I have been collecting beastmen for almost a year and I am pleased with where they are right now. So I was thinking of collecting a new army. Now I really don't want a hord army so no Skaven or Empire. I would like to collect an elite army with low model count. I would also like a fairly competative army because I would like to perticipate in some tournaments in the future. If anyone has any advice on a new army and posibly a potential list that would be awsome. Thanks


----------



## Masked Jackal (Dec 16, 2009)

Both High Elves and Dark Elves would fit your criteria, as well as Warriors of Chaos to a lesser degree. Do any of these appeal to you?


----------



## BioCreed (Jun 8, 2010)

Masked Jackal said:


> Both High Elves and Dark Elves would fit your criteria, as well as Warriors of Chaos to a lesser degree. Do any of these appeal to you?


I wouldn't mind warriors or dark elves. But I dont know all that much about ether one. I have only ever played beastmen and i know there book inside out. What would be a good starter force for worriors and or dark elves


----------



## Masked Jackal (Dec 16, 2009)

BioCreed said:


> I wouldn't mind warriors or dark elves. But I dont know all that much about ether one. I have only ever played beastmen and i know there book inside out. What would be a good starter force for worriors and or dark elves


Dark Elves and Warriors are similarly killy, both are quite versatile, though the Dark Elves are moreso. Dark Elves are very fragile, while Warriors are tough. Dark Elves can field some tough-to-kill units however.
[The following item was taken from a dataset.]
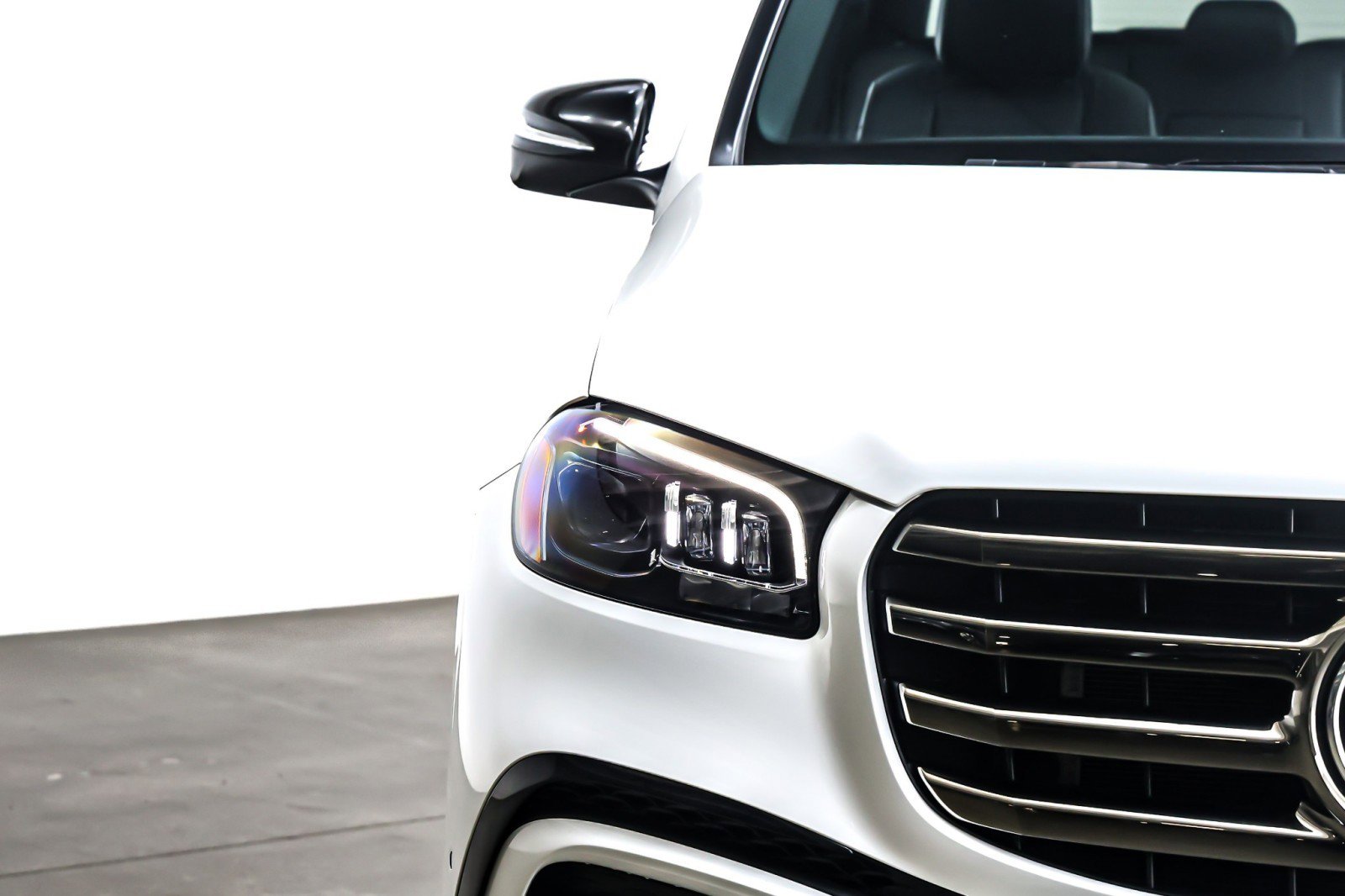 Certified 2024 Mercedes-Benz GLS 450 GLS 450 4MATIC SUV image 15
As for a starter force, I'll leave Warriors to someone who plays them and go straight to Dark Elves. Ideally you should have: 

A Sorceress of some kind.
A Battle-Standard bearer (Would have to be converted most likely, Corsair and Cold One Knights sprues would be useful for this.)
Cauldron of Blood
A solid base of Warriors and Repeater Crossbowmen. Crossbowmen are probably the more competitive choice, but it depends on your army.
Black-Guard are well-suited to the new edition, and very dependable.
Cold One Knights and chariots (converted) both look awesome, and outfitted right can do very well. Chariots are probably best choice as flanker units, Knights with the Banner of Hag Graef can keep their killy up pretty well past first round of combat.
And finally Hydras, Hydras, Hydras. Only rare choice you need.

Characters and Warrior sprues are of course, the highest priority, with Hydras and Black-Guard just behind. The battalion is a good set, and if you buy an extra CoK sprue, you can run a good unit of those, and another warrior box should do you good. Not much else I can recommend past here, except that the other specials, Witch Elves and Executioners, are more specialist units, and won't fare well unless you know how to use them. Another note is that Cauldron conversions are really cool. Get an Avatar if you want.


----------



## BioCreed (Jun 8, 2010)

Thanks for the tips on dark elves very helpfull. But maybe if i had some info on warriors of chaos i may be able to make up my mind on which to pick.


----------